=== Exercise directions ===
As soon as the line containing "VW Tiguan 1.009" appears in the material below, start returning lines exactly, and end with the line containing "2FMPK4J98KBB72965 2019 FORD EDGE - Image 8".

═══

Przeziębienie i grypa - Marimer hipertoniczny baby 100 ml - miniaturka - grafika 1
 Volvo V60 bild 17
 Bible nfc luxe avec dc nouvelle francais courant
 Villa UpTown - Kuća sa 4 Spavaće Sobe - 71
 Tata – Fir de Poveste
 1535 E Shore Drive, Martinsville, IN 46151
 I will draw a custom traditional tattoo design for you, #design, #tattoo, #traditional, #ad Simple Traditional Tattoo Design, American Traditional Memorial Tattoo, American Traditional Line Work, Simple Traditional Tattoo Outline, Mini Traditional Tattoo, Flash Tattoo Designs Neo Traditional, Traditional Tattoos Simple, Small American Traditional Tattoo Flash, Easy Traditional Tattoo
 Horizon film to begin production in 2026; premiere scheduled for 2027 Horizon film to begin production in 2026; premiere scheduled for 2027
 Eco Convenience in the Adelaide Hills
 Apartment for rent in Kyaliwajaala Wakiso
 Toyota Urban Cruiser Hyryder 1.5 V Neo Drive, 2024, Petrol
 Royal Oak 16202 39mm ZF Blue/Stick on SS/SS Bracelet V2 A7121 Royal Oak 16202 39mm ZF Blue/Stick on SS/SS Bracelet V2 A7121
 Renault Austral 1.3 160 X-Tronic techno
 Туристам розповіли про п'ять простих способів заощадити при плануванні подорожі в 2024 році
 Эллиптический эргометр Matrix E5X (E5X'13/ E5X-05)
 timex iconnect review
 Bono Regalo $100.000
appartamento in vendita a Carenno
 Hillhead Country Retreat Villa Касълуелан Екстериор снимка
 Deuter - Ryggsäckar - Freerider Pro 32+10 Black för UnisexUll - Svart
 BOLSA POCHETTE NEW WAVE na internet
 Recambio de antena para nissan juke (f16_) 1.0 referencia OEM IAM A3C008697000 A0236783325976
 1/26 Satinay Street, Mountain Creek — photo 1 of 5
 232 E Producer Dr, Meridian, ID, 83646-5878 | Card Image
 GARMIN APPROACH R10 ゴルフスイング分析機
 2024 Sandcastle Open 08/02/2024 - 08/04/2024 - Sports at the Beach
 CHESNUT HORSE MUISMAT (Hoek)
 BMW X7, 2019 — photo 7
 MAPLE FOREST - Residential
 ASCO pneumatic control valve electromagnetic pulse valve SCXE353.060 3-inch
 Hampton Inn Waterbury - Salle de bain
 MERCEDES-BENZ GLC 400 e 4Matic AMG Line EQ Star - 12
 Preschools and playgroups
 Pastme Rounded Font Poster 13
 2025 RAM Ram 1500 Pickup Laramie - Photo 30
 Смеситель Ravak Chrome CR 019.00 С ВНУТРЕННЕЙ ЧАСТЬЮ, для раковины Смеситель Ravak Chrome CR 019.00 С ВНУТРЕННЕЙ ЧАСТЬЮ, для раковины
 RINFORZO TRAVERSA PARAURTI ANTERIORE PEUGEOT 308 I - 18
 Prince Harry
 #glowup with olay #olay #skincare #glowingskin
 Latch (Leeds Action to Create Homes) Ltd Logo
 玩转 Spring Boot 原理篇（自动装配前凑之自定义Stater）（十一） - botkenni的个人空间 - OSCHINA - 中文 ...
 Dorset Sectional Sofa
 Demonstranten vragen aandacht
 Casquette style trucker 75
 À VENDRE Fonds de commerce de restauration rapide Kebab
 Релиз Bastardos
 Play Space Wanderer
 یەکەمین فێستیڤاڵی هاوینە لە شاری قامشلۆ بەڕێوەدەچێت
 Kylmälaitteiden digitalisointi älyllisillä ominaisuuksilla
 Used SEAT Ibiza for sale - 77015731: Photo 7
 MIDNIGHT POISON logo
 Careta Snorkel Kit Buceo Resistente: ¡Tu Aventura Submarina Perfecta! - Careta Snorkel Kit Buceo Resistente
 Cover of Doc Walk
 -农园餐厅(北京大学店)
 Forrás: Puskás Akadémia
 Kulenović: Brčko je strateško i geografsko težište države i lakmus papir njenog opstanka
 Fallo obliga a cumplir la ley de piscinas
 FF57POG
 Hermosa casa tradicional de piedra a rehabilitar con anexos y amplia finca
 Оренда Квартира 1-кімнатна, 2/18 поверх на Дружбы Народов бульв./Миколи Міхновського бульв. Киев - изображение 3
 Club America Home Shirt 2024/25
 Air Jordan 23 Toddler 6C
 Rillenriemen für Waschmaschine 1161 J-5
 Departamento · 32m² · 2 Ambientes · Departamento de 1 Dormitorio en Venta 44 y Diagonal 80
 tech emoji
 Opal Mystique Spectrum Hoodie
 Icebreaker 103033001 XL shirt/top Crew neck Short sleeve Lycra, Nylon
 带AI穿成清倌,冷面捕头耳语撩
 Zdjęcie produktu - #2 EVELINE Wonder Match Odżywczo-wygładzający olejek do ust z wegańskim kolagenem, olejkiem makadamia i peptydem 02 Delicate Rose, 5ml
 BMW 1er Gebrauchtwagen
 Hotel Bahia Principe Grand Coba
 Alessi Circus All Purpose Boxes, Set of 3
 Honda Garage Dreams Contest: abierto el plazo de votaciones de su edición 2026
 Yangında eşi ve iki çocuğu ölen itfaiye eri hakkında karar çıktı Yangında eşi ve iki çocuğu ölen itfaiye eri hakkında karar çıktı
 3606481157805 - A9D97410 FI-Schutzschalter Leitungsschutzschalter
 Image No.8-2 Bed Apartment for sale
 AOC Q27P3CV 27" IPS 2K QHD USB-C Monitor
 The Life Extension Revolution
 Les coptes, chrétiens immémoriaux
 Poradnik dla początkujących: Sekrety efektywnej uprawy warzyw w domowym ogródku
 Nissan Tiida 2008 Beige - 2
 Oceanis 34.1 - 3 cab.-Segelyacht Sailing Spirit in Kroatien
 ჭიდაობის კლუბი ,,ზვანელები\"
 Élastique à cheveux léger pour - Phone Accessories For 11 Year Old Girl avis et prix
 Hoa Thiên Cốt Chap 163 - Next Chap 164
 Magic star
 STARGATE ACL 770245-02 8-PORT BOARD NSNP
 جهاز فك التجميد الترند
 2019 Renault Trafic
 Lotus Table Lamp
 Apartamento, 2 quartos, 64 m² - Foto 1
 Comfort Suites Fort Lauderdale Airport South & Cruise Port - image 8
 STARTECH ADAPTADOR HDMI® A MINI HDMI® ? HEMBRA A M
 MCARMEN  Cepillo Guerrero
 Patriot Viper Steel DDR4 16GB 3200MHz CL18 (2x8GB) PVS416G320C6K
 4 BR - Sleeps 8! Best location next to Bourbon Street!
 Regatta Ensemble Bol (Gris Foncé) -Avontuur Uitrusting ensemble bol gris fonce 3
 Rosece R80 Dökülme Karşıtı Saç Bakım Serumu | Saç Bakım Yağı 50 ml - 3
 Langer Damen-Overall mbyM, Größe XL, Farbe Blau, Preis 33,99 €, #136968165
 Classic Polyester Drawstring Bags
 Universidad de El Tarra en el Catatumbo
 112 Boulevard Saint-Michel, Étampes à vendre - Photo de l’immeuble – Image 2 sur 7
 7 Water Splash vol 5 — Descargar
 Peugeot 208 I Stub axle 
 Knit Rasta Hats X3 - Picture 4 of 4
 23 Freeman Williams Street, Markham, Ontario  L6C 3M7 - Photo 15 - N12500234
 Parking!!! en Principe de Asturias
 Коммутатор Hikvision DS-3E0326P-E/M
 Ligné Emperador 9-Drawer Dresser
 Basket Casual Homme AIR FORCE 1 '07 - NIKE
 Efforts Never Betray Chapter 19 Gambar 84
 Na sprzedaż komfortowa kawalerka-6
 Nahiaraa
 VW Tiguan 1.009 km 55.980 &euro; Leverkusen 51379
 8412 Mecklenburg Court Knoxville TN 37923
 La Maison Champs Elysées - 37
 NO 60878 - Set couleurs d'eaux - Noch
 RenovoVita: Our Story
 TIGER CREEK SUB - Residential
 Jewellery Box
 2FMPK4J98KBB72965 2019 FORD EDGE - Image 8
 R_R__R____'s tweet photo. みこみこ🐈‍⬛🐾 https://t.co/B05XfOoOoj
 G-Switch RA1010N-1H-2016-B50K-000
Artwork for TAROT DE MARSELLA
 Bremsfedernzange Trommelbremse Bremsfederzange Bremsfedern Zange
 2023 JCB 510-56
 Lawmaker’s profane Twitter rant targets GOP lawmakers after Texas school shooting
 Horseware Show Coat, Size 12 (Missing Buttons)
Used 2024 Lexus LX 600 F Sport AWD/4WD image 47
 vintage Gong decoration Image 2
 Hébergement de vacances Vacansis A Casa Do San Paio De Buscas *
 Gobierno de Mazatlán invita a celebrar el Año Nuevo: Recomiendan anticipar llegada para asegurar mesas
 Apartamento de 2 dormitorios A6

═══

=== Answer for this exercise ===
 VW Tiguan 1.009 km 55.980 &euro; Leverkusen 51379
 8412 Mecklenburg Court Knoxville TN 37923
 La Maison Champs Elysées - 37
 NO 60878 - Set couleurs d'eaux - Noch
 RenovoVita: Our Story
 TIGER CREEK SUB - Residential
 Jewellery Box
 2FMPK4J98KBB72965 2019 FORD EDGE - Image 8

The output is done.